◆ Work order:
The answer should consist of the full listing below, repeated exactly and free of pictures.

◆ Data extract:

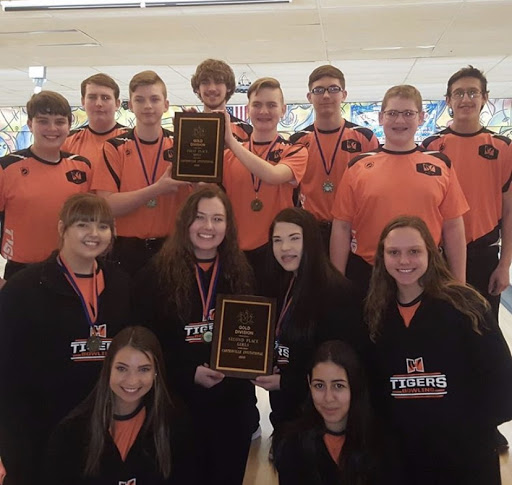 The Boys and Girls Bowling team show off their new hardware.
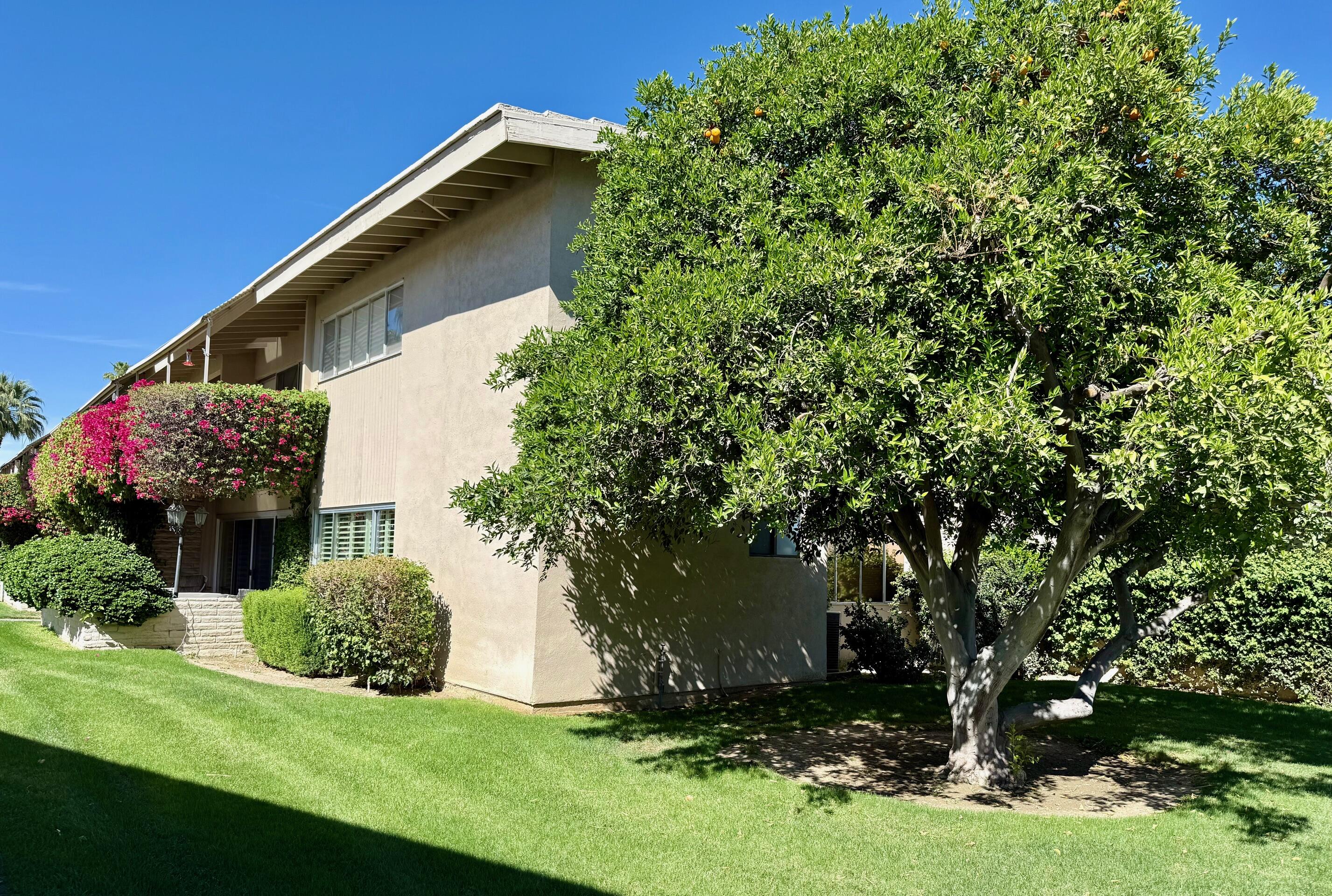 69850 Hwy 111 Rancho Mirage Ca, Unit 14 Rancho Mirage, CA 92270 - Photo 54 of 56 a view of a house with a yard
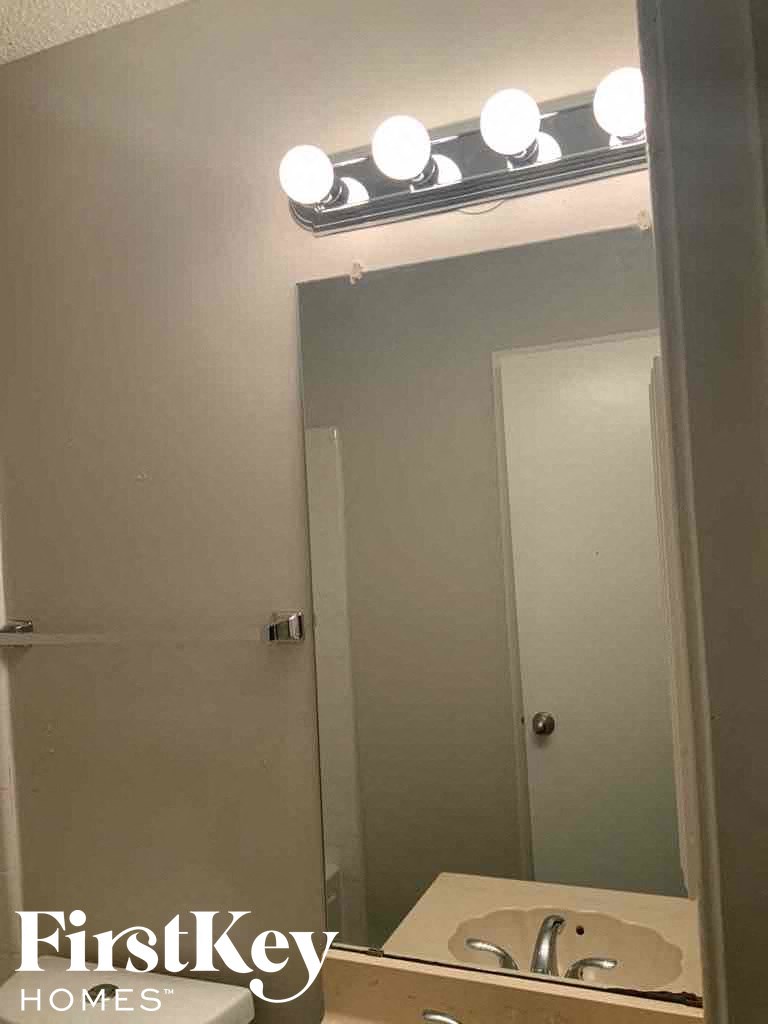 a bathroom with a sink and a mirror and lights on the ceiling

◆ Your solution:
 The Boys and Girls Bowling team show off their new hardware.
 69850 Hwy 111 Rancho Mirage Ca, Unit 14 Rancho Mirage, CA 92270 - Photo 54 of 56 a view of a house with a yard
 a bathroom with a sink and a mirror and lights on the ceiling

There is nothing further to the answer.